By Patrick Thibodeau, Senior News Writer
Beaker, a ChatGPT-based tool from Hireology, assists in the creation of job descriptions using customer information, speeding up the process while still involving humans.
Hireology, a vendor of HR and recruiting tools, has integrated ChatGPT into its platform for writing job descriptions. The business thinks it may be the first HR tech platform to provide customers with this large language model as a tool. While it's difficult to say whether it's the first, one thing is certain: it won't be the last.
Prior to the introduction of ChatGPT, Hireology users had the option of writing a job description from inception or using the vendor's collection of available job descriptions as a starting point or template.

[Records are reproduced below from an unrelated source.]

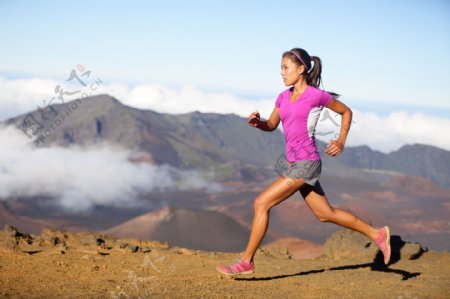 山上跑步的女人图片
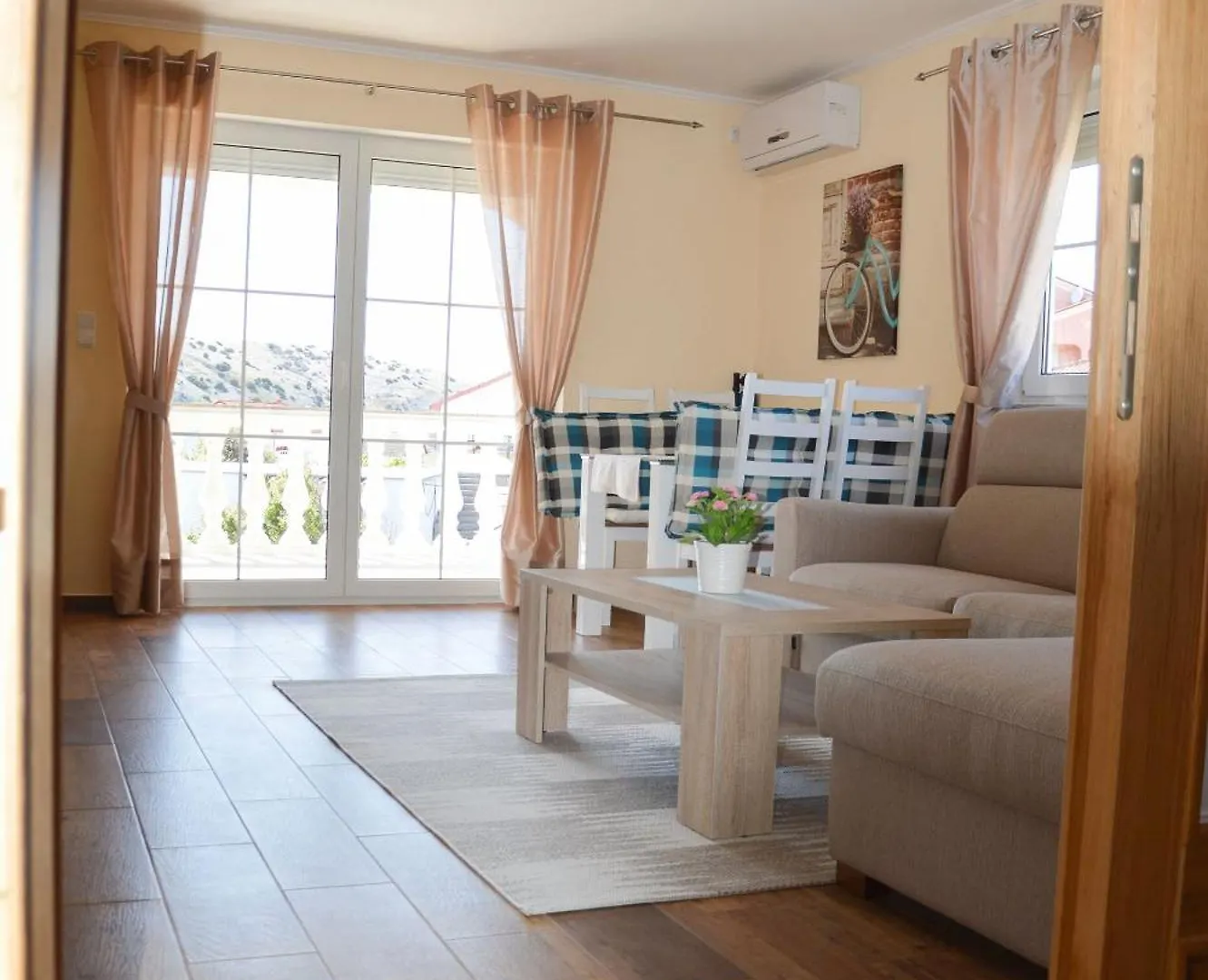 Apartments Spomenka Zvonko Lopar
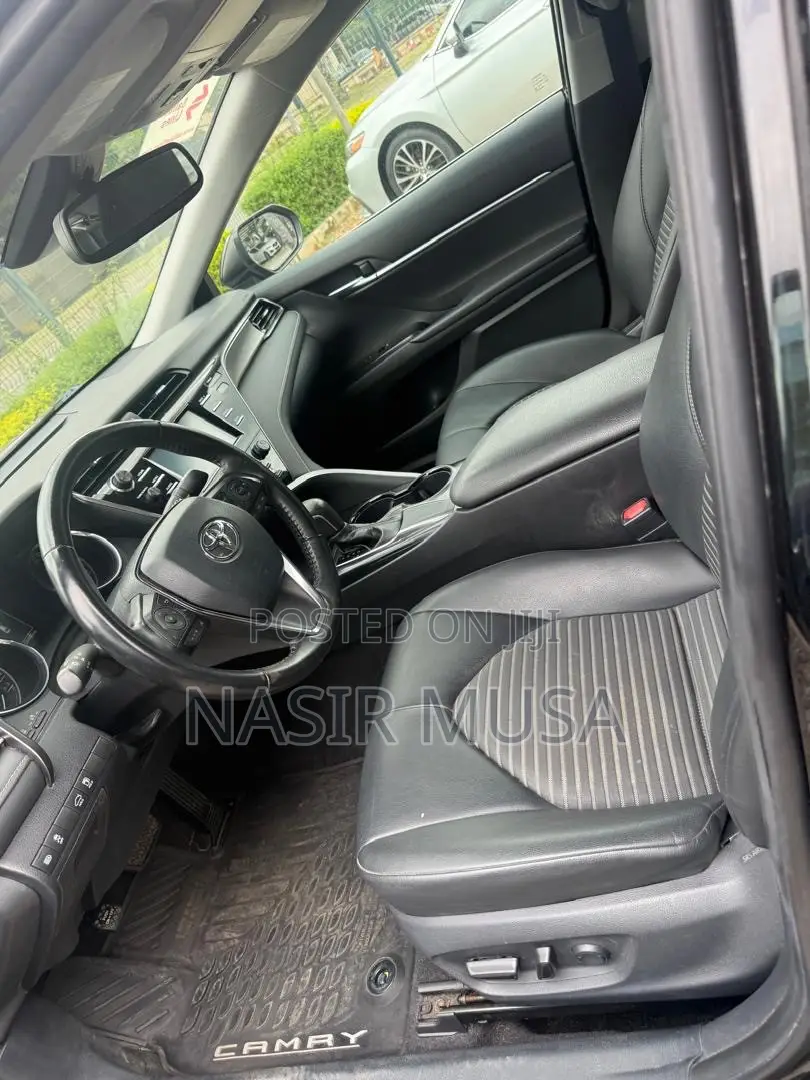Toyota Camry SE (2.5L 4cyl 8A) 2019 Black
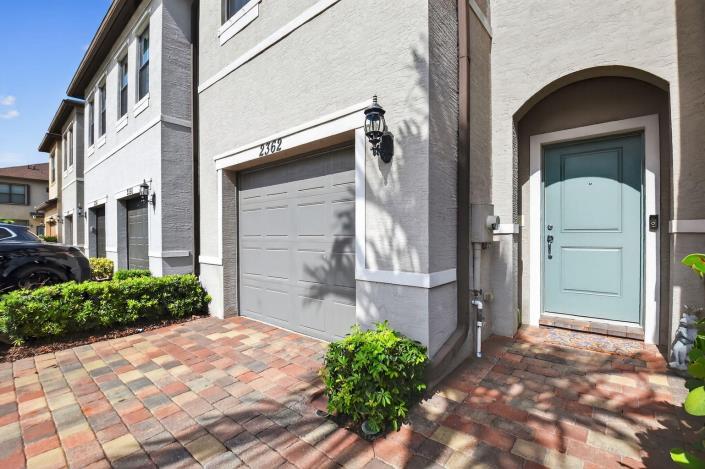 Image No.52-3 Bed Townhouse for sale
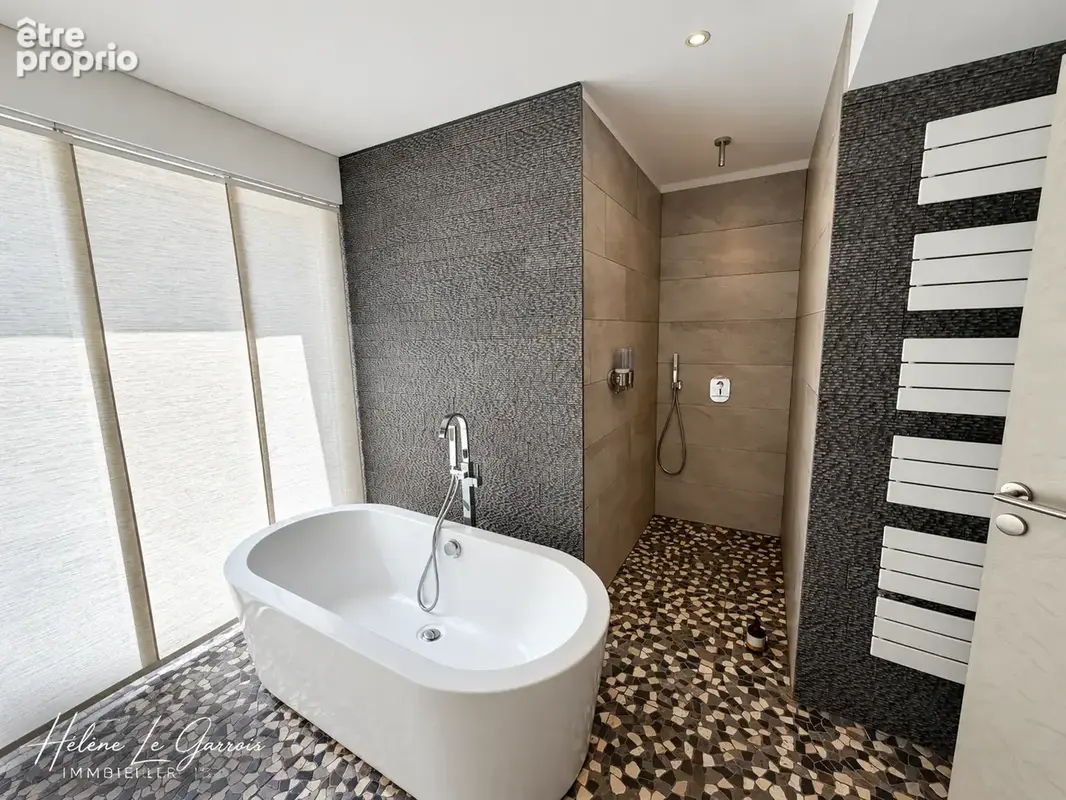 Très belle opportunité   Maison familiale contemporaine et studio indépendant sur le golf de Saint Sulpice - photo 16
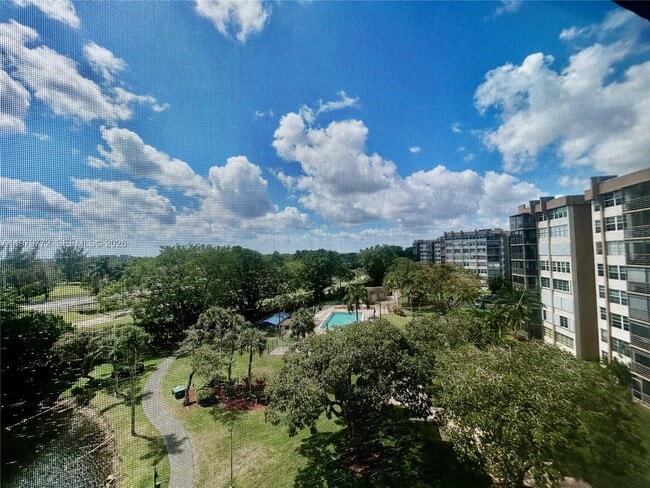 Photo - 1200 St Charles Pl Unidad 606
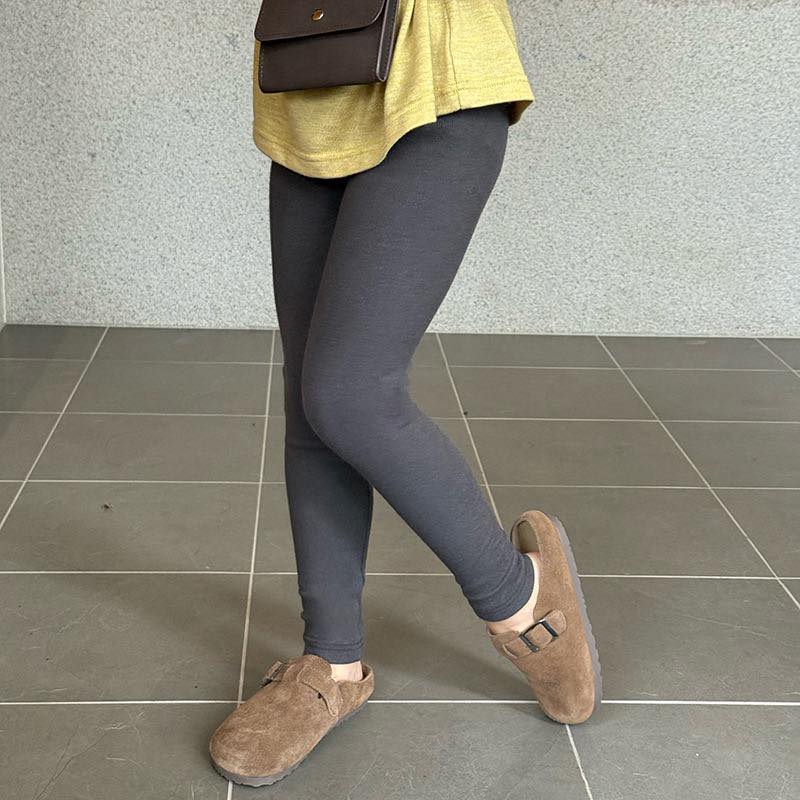 Quần legging có chữ basic cho bé gái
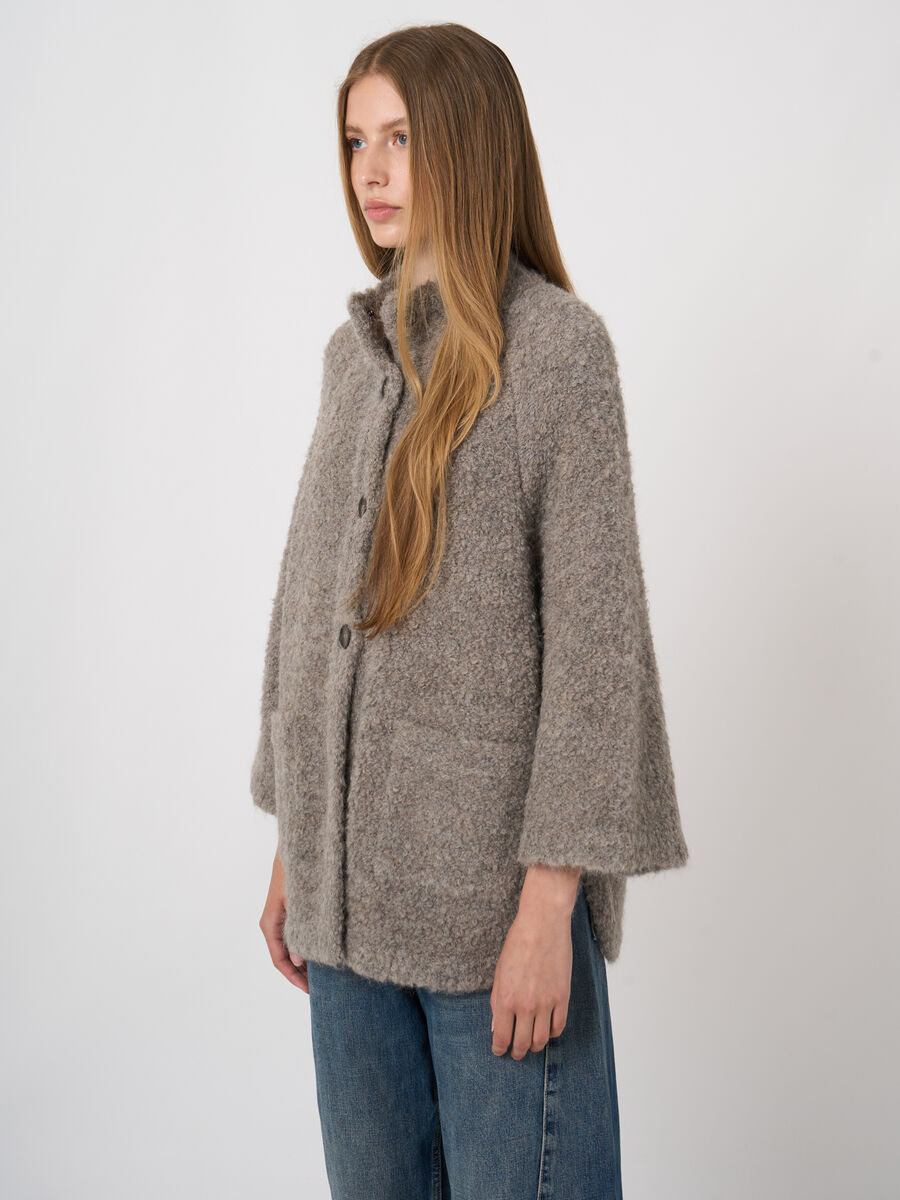 Cardigan-veste oversize en boucl&eacute; alpaga-laine image number 1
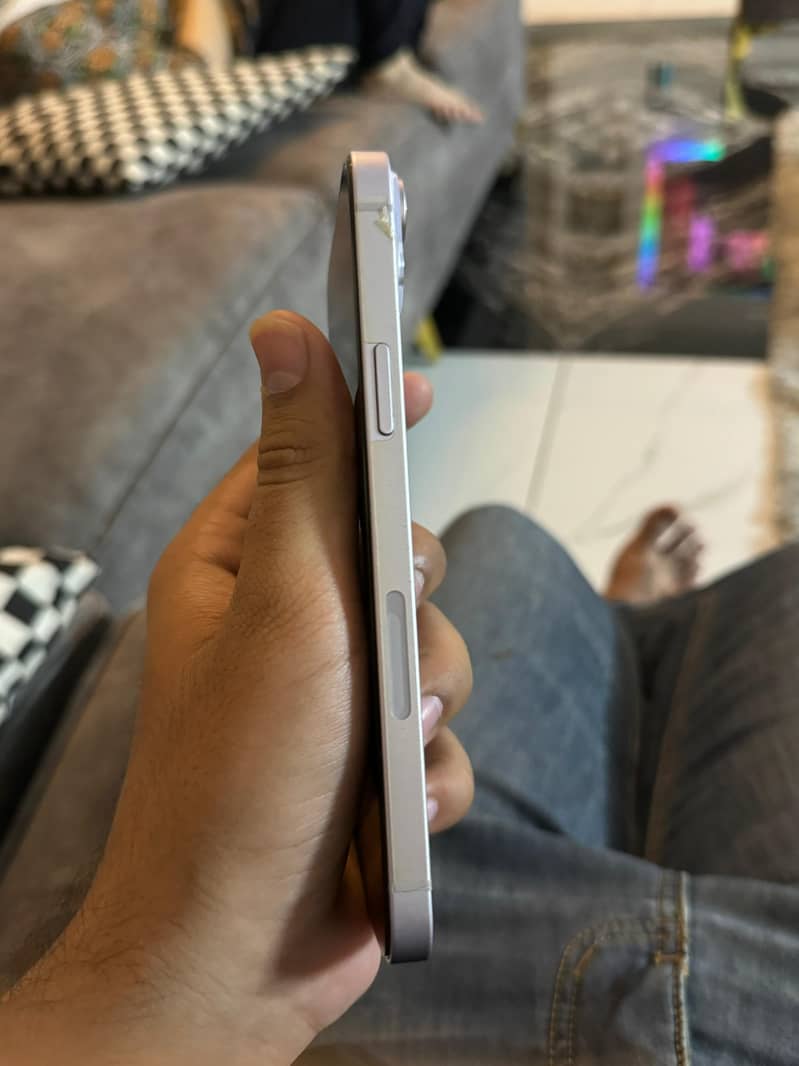 Apple iphone 14plus 3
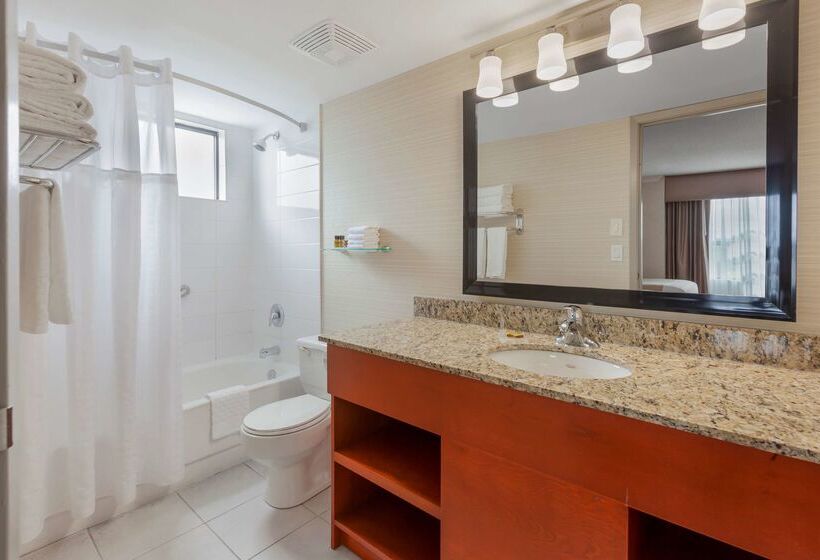 فندق Best Western Plus Rose City Suites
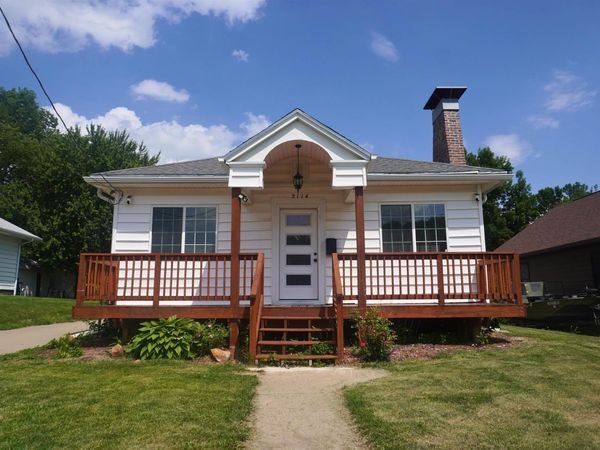 2114 ROSS ST, Sioux City, IA 51103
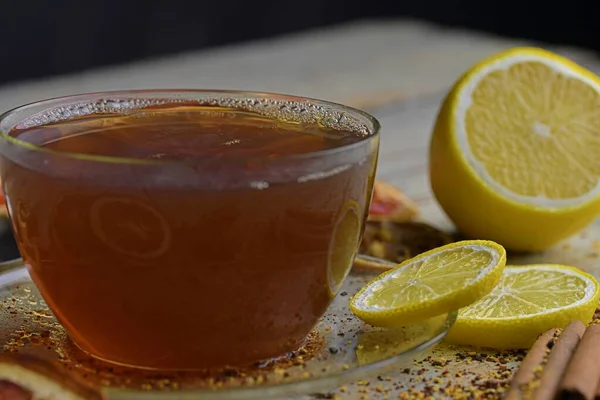 Cup Hot Tea Steam Black Glass Cup Black Tea Cinnamon — Stock Photo, Image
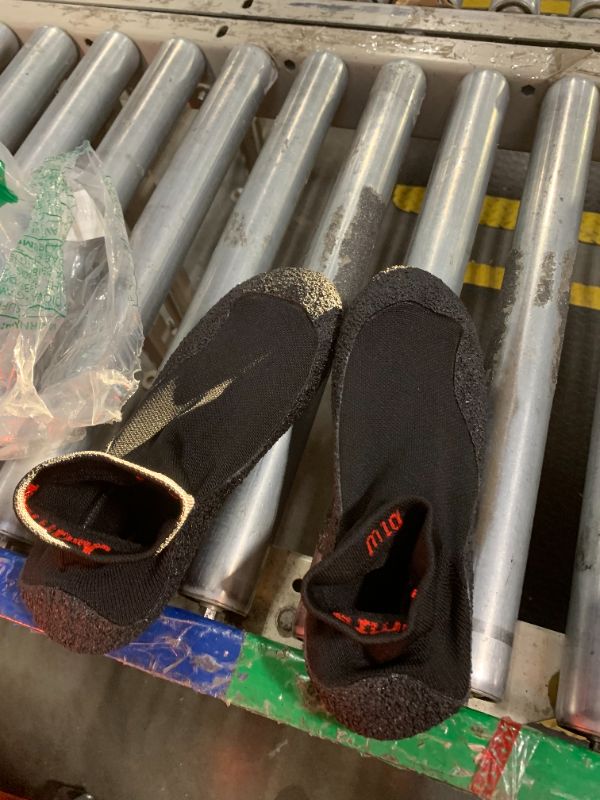 Photo 1 of ****UNKNONWN SIZE*** Joomra Barefoot Socks Shoes for Women Men Size 10 with Grippers Minimalist Sockshoes Water Footwear All Black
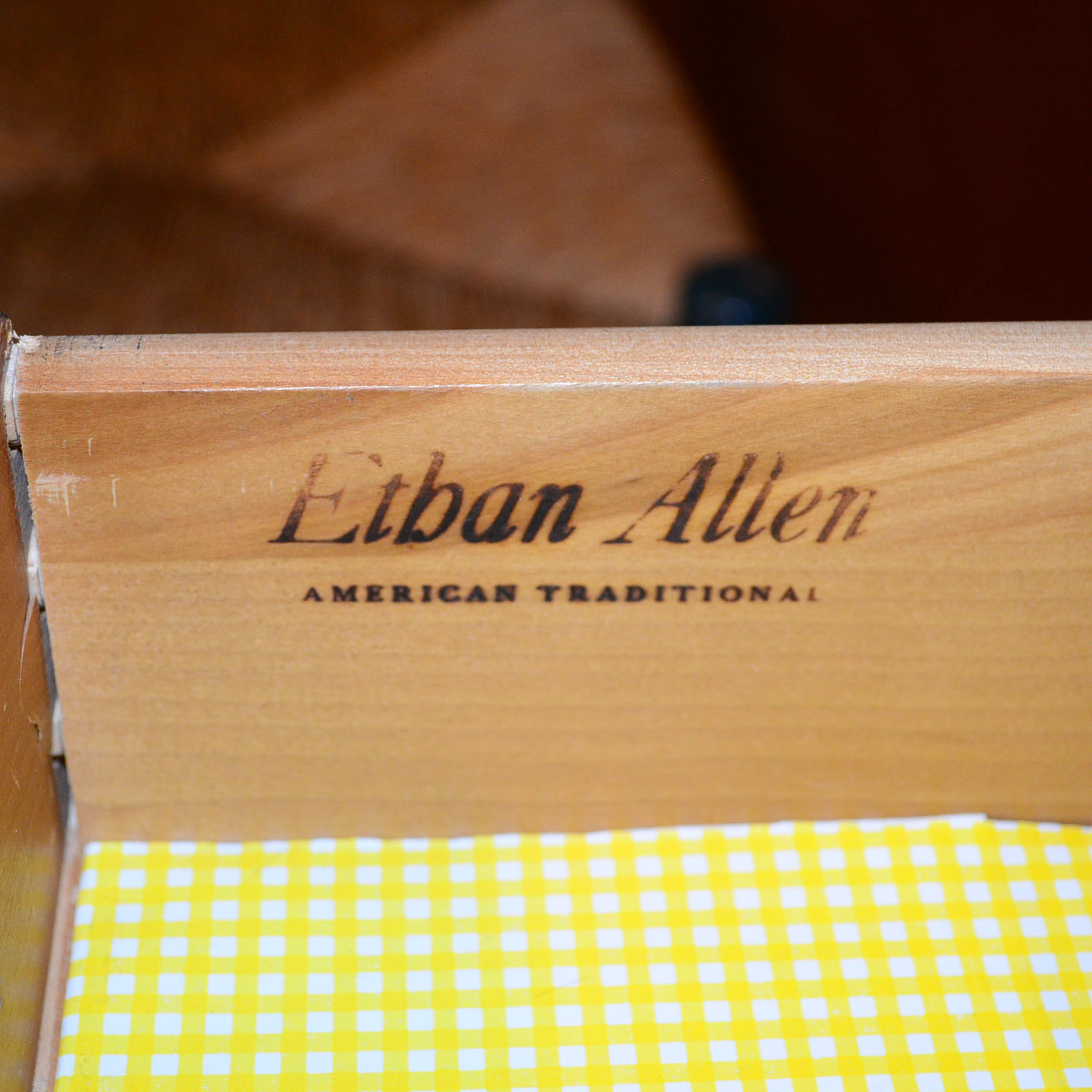 Ethan Allen Dresser With Mirror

However, according to Adam Robinson, CEO and co-founder of the Chicago-based firm, the generative AI tool can now write a job description based on the type of position a customer is attempting to fill and what Hireology knows about that customer.
Robinson views the use of OpenAI's ChatGPT in job description writing as a risk-free test for its customers. Hireology's Beaker tool will shorten the time it takes to complete this job but will not eliminate emove humans from the process altogether. It is in beta, but customers can join up for it for free on a first-come, first-served basis.
Robinson is enthusiastic about the potential effect of large language models on human resources. (LLMs).
"I believe this is a before-and-after moment for ChatGPT," Robinson said. "This will set off an arms race in HR technology and the vendor ecosystem."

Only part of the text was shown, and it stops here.